Nonostante sia stato solo un anno in Messico, ho imparato a cucinare alcuni piatti tipici, negli anni in cui ho vissuto con i miei genitori qui in Italia. So preparare i classici tacos con tortilla di farina di mais e tipo 0 e ripieno di macinato di carne, panna acida e salsa guacamole oppure chili con fagioli neri e carne. Un abbinamento ideale per i tacos è un vino rosso fresco, di poca struttura. Nella fattispecie, con il primo accosterei il Blau & Blau, un blend di Pinot nero e Franconia di Cantina Hierman, e con il secondo, invece, qualcosa di più strutturato, come un Bolgheri a prevalenza Merlot.

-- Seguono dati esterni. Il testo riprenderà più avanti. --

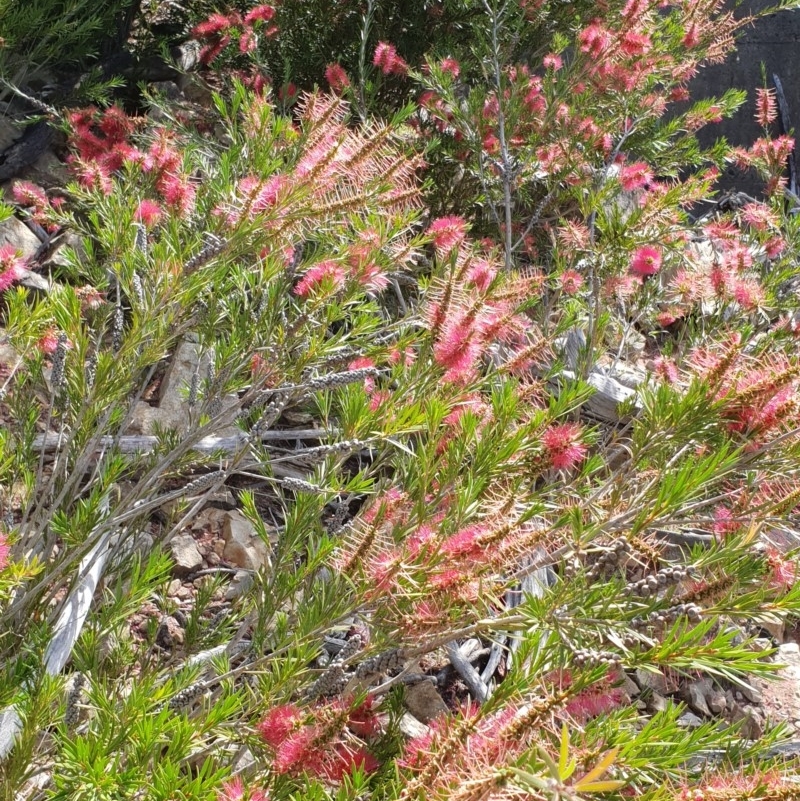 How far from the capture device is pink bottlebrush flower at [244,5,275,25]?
4.06 metres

A chi si ispira nel lavoro quotidiano?
Attualmente non ho punti di riferimento in sala. L’aver lavorato con cuochi del calibro di Marco Boni, Luca Borghi e Corrado Parisi ha accresciuto in me l’ambizione di voler avere la loro stessa conoscenza sul cibo, in materia di vino.
Quale zona vinicola vorrebbe visitare non appena si potrà?
La Borgogna, perché è una zona di produzione dove nascono vini eccellenti, dal forte aroma legnoso. Qui lo Chardonnay è molto piacevole, mentre il Pinot Nero è tra i migliori al mondo.
Il suo motto?
“Quello che hai a 20 anni te l’ha dato la natura, quello che avrai a 50 anni te lo sarai guadagnato”. È una frase di Coco Chanel ma mi rispecchia in pieno, come “È l’ignoranza che ci rende deboli”.